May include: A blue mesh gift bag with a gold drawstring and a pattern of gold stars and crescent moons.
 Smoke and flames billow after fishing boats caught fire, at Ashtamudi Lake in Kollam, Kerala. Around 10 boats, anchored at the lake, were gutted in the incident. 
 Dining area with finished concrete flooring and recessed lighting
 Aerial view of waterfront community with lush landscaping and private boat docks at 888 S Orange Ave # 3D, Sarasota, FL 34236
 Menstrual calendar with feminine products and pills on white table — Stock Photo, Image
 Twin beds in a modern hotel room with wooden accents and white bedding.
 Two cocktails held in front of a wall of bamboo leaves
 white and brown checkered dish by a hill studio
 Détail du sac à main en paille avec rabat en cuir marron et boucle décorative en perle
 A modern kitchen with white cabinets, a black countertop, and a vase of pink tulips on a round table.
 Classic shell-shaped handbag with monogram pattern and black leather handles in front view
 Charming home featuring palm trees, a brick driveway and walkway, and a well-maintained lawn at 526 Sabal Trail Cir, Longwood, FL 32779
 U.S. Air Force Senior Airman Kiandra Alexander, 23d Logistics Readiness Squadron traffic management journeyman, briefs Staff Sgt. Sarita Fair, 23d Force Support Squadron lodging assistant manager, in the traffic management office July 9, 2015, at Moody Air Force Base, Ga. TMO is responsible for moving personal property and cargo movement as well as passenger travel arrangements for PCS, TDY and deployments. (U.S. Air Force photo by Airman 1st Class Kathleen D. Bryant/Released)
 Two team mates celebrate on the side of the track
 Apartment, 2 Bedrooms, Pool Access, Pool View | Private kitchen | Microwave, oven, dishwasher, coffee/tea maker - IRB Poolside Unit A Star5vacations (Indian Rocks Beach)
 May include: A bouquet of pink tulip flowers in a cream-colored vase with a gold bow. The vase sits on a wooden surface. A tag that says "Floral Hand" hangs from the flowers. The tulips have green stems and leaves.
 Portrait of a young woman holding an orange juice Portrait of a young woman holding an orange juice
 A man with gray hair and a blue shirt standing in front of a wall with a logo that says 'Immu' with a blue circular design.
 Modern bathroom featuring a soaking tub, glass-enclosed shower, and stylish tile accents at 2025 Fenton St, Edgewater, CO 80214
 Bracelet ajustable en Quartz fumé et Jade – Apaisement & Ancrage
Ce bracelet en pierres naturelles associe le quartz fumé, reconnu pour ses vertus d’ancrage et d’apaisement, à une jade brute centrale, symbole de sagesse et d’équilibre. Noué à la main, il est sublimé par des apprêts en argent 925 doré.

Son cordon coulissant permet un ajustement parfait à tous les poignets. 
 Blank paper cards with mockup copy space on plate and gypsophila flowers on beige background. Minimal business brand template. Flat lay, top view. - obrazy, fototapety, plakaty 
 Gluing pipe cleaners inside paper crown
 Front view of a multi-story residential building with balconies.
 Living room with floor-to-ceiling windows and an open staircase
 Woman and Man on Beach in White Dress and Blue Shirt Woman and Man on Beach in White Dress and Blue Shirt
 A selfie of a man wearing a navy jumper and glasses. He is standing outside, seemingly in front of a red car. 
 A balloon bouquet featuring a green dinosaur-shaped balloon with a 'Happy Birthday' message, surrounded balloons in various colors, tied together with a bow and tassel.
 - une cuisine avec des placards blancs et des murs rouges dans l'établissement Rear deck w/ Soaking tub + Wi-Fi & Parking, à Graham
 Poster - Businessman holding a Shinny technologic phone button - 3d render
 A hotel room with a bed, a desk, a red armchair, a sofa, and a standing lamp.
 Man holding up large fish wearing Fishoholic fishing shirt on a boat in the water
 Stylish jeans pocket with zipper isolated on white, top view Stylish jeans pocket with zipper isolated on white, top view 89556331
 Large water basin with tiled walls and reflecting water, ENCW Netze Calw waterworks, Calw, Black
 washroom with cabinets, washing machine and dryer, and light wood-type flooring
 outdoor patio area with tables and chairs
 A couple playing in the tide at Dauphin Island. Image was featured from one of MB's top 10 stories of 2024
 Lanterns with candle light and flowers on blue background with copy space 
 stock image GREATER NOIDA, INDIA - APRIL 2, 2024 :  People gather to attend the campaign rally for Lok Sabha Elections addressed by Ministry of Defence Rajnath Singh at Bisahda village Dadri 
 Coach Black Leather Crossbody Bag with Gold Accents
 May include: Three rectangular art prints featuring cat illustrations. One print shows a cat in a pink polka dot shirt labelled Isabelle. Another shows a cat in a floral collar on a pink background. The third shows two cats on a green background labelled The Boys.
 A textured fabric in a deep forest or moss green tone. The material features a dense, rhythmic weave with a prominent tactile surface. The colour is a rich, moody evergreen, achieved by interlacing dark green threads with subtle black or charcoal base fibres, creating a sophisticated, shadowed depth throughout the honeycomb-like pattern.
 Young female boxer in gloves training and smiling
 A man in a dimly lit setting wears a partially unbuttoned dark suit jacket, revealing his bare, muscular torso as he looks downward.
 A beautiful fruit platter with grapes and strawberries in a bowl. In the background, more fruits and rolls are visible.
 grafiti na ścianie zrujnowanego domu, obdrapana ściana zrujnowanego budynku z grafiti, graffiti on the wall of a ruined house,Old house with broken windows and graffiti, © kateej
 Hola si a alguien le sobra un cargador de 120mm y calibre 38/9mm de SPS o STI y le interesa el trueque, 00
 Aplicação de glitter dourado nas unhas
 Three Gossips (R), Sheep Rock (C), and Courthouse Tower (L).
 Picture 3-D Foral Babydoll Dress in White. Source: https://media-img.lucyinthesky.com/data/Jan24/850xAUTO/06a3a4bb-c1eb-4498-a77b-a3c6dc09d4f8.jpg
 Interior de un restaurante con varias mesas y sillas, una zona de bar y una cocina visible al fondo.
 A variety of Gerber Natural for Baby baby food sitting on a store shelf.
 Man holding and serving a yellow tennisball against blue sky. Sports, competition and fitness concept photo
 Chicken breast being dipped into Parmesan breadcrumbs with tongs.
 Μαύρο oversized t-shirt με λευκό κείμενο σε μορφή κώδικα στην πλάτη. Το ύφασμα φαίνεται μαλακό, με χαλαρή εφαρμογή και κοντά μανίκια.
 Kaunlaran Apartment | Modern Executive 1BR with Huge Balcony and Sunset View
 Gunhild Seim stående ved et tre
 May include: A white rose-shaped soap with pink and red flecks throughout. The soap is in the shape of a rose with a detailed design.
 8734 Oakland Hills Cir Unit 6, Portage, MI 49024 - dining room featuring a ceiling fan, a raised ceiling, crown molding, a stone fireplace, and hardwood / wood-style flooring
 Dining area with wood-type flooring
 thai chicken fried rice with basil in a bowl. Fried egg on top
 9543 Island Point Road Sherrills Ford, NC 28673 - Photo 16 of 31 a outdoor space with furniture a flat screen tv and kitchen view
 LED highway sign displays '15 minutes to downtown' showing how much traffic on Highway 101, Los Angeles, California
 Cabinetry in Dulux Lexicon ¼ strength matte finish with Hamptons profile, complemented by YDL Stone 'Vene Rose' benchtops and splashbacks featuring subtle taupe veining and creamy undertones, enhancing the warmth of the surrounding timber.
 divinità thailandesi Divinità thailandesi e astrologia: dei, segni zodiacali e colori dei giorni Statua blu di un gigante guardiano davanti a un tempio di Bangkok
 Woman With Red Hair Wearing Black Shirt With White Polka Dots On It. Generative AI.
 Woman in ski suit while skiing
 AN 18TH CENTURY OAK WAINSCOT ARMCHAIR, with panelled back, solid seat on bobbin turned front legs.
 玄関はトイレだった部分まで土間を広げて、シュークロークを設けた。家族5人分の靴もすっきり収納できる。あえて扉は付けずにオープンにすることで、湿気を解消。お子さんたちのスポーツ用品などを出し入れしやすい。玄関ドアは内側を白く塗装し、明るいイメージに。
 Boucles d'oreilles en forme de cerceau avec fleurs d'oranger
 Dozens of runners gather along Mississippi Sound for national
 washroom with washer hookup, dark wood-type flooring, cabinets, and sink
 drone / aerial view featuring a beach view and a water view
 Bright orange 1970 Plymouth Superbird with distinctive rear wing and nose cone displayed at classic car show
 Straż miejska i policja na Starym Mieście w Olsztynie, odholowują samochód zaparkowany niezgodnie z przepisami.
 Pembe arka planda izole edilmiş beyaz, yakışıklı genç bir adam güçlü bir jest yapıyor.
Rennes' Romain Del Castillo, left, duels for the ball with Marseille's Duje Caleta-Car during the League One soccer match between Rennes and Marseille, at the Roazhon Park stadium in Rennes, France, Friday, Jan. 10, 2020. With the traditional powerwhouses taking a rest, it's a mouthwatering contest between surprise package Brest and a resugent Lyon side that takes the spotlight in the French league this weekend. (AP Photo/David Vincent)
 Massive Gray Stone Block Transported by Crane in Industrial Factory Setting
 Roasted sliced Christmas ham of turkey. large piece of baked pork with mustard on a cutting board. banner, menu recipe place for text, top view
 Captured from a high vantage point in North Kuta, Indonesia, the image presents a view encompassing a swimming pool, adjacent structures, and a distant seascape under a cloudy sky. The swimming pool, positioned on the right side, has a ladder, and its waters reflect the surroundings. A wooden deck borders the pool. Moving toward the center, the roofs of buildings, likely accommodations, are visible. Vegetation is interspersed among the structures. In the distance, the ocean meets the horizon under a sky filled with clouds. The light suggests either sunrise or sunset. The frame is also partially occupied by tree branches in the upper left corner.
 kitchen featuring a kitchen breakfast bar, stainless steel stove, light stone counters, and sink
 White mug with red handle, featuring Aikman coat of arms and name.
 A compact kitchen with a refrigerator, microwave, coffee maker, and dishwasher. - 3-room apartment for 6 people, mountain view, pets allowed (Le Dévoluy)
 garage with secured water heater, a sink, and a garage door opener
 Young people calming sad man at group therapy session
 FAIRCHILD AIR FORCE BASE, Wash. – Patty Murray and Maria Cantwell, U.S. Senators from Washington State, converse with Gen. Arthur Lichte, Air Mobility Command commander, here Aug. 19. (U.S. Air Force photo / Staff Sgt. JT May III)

= = =

**EXERCISE DESCRIPTION**
Above are records; repeat only the lines starting at the line with "Bright orange 1970" and ending at the line with "Rennes' Romain Del", exactly as they appear, both included.

**REPLY TO THE TASK**
 Bright orange 1970 Plymouth Superbird with distinctive rear wing and nose cone displayed at classic car show
 Straż miejska i policja na Starym Mieście w Olsztynie, odholowują samochód zaparkowany niezgodnie z przepisami.
 Pembe arka planda izole edilmiş beyaz, yakışıklı genç bir adam güçlü bir jest yapıyor.
Rennes' Romain Del Castillo, left, duels for the ball with Marseille's Duje Caleta-Car during the League One soccer match between Rennes and Marseille, at the Roazhon Park stadium in Rennes, France, Friday, Jan. 10, 2020. With the traditional powerwhouses taking a rest, it's a mouthwatering contest between surprise package Brest and a resugent Lyon side that takes the spotlight in the French league this weekend. (AP Photo/David Vincent)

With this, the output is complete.